HOW TO COMPLETE THIS TASK —
The data below contains pictures, which are to be skipped; the lines starting at the line with "Here are some" and ending at the line with "Hey guys and" are to be output exactly, both ends included.

[INPUT MATERIAL Boundary: Start]

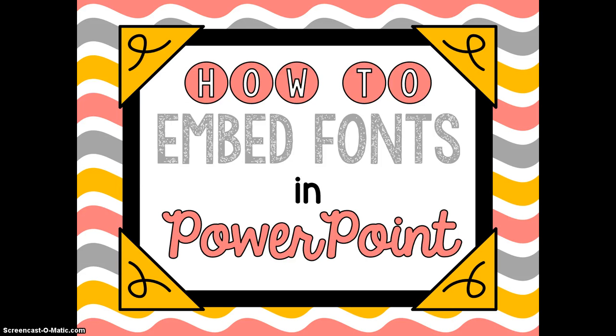Hi, this is Caitlin from the Teaching Suite shop and I have a quick little video to show you how you can embed fonts in PowerPoint.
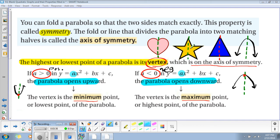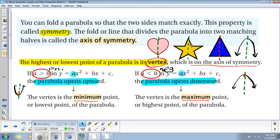Here are some other pictures. We have a star where the axis of symmetry is right there, and there are several axes of symmetry. In this triangle, you have the axis of symmetry going right down the middle. But if you fold it the other way, you do not have symmetry. And if you look at the parabola, the axis of symmetry goes right down the middle.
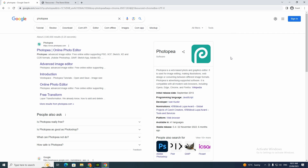Hey guys and welcome back to my channel. In today's video I'm going to show you how you can create a mock-up for your clothing brand. So the first thing you want to do is go to photopea.com.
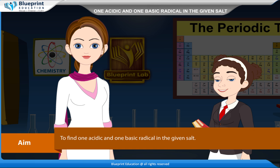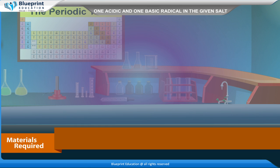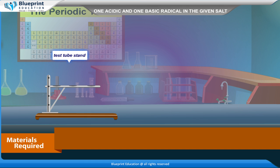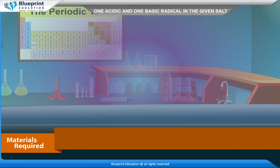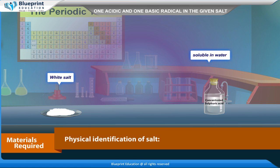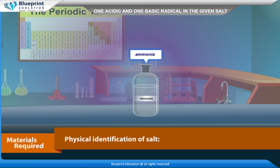Our aim is to find one acidic and one basic radical in the given salt. The materials required are test tube, beaker, test tube stand, glass rod, etc. Physical identification of salt: white salt, soluble in water, ammonia-like odor.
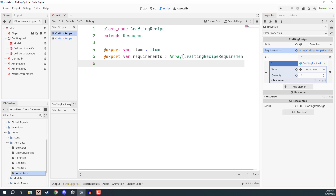In the next lesson and the rest of the course, we're going to go over how we can set this up to have a UI window where we can click on the different recipes to craft them, take the items out of our inventory, and add the new item to our inventory. So that is what we're going to be working on in the next lesson, and I'll see you all then.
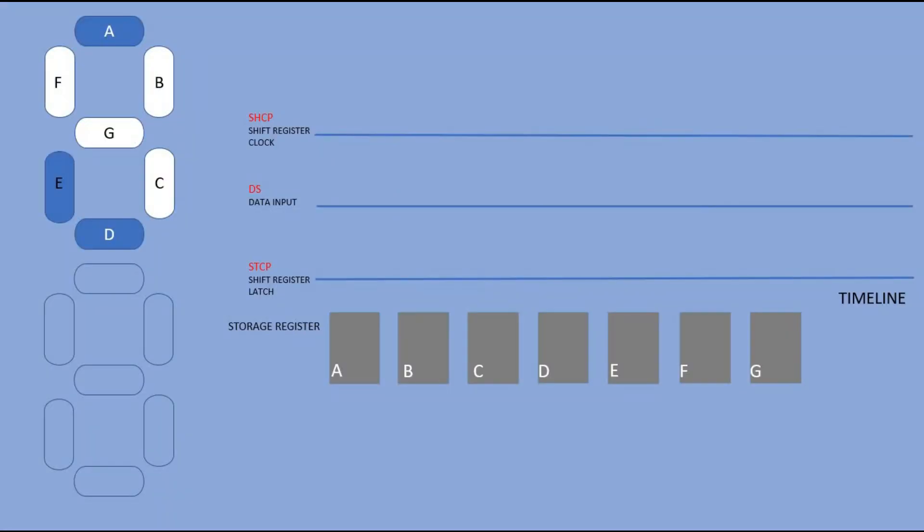Here is a quick simulation showing shift registers work. In this example we would like to display digit 4 on the 7-segments display. We will treat this display as common cathode so we lit segments with high signal. At the start data clock and latch pins are set to low.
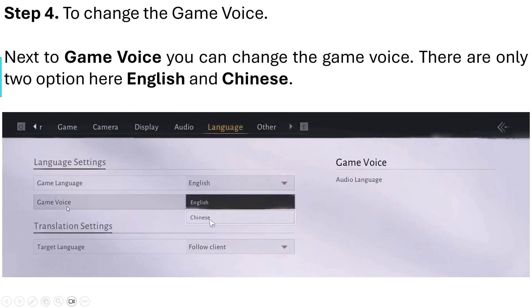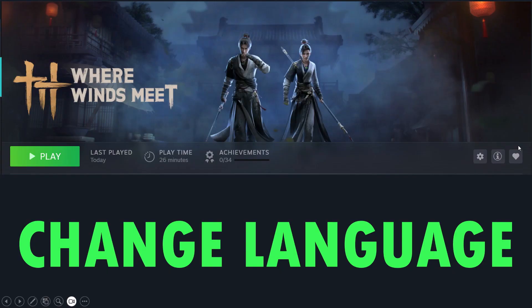If you want to change the game voice language, click on the dropdown again. There are only two options available: English and Chinese. You can select either one to change the game voice language.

[INPUT MATERIAL Boundary: End]

WRITTEN ANSWER —
Here are some other pictures. We have a star where the axis of symmetry is right there, and there are several axes of symmetry. In this triangle, you have the axis of symmetry going right down the middle. But if you fold it the other way, you do not have symmetry. And if you look at the parabola, the axis of symmetry goes right down the middle.
Hey guys and welcome back to my channel. In today's video I'm going to show you how you can create a mock-up for your clothing brand. So the first thing you want to do is go to photopea.com.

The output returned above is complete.